Also, this works correctly on Ubuntu Precise, running libc6 version 2.15-0ubuntu10. I am therefore submitting this bug in the Fedora bug tracker rather than the upstream one, as looks possible that this is caused by a Fedora-specific patch.

Comment 1 Pavel Šimerda (pavlix) 2012-08-01 09:29:02 UTC

Confirming.
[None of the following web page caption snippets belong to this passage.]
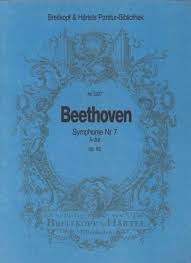 7 in a major, op. Sinfonia NÂº 7 En La Mayor Op 92 De Ludwig Van Beethoven Partitura Trito Edicions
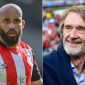 Thương vụ Bryan Mbeumo tới Manchester United có biến, Sir Jim Ratcliffe 'tất tay' với giá kỷ lục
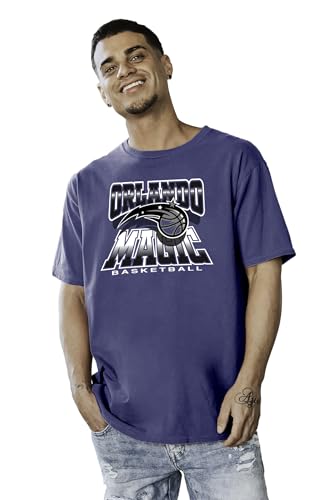 Orlando Magic NBA Officially Licensed T-Shirt Ringspun Team Color Icon, XX-Large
Just adding that a fix to this one could break things unless AI_ADDRCONFIG is done only for DNS as discussed in:

http://sourceware.org/bugzilla/show_bug.cgi?id=12377

Comment 2 Jeff Law 2012-08-15 19:24:40 UTC

Unfortunately, I don't have any way to set up an IPV6 only system -- the only way I can do IPV6 right now is via tunneling.  If someone can get me access to an IPV6 only system where I could muck around (preferably inside a throw-away VM), it'd be greatly appreciated

The current F18 sources only have a few twiddles to getaddrinfo most of which are the same as what you'd find in Ubuntu.  There's one change from Andreas which isn't well documented that might (or might not) be related to the undesired behaviour.

Comment 3 Tore Anderson 2012-08-16 10:02:43 UTC

(In reply to comment #2)
> Unfortunately, I don't have any way to set up an IPV6 only system -- the
> only way I can do IPV6 right now is via tunneling.  If someone can get me
> access to an IPV6 only system where I could muck around (preferably inside a
> throw-away VM), it'd be greatly appreciated

If you send me an ssh pubkey, I can see if I can get this set up for you at work next week.
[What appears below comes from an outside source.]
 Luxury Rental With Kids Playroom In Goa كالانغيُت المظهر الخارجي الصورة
That said, if you already have IPv6 via tunneling, wouldn't it be easier for you to spin up an IPv6-only VM on your own workstation? Tunneled connectivity is more than sufficient in order to reproduce this bug.

Come to think of it, you don't need connectivity at all. If you configure a disconnected host with a fake IPv6 address like 2001:db8::1 on the loopback interface, set the resolv.conf nameserver entry to point to it, you'll see the unexpected IN A DNS requests in a tcpdump on the loopback interface:

$ ip -6 address add 2001:db8::1/128 dev lo
$ echo nameserver 2001:db8::1 > /etc/resolv.conf
$ ip -4 address list
1: lo: <LOOPBACK,UP,LOWER_UP> mtu 16436 qdisc noqueue state UNKNOWN 
    inet 127.0.0.1/8 scope host lo
$ tcpdump -i lo -n port 53
tcpdump: verbose output suppressed, use -v or -vv for full protocol decode
listening on lo, link-type EN10MB (Ethernet), capture size 65535 bytes
11:58:55.610365 IP6 2001:db8::1.44948 > 2001:db8::1.domain: 8731+ A? foobar.com. (28)

You won't get to see any processing of results obviously (unless you set up a local DNS server that's authoritative for foobar.com), but at least you see the unwanted IN A queries being made.

Tore

Comment 4 Jeff Law 2012-08-16 15:55:06 UTC

I got the impression that we're issuing IN A lookups on IPV6-only hosts.  Tunneling IPV6 requires IPV4, so that would seem to be an unsuitable environment to track this down unless I'm missing something.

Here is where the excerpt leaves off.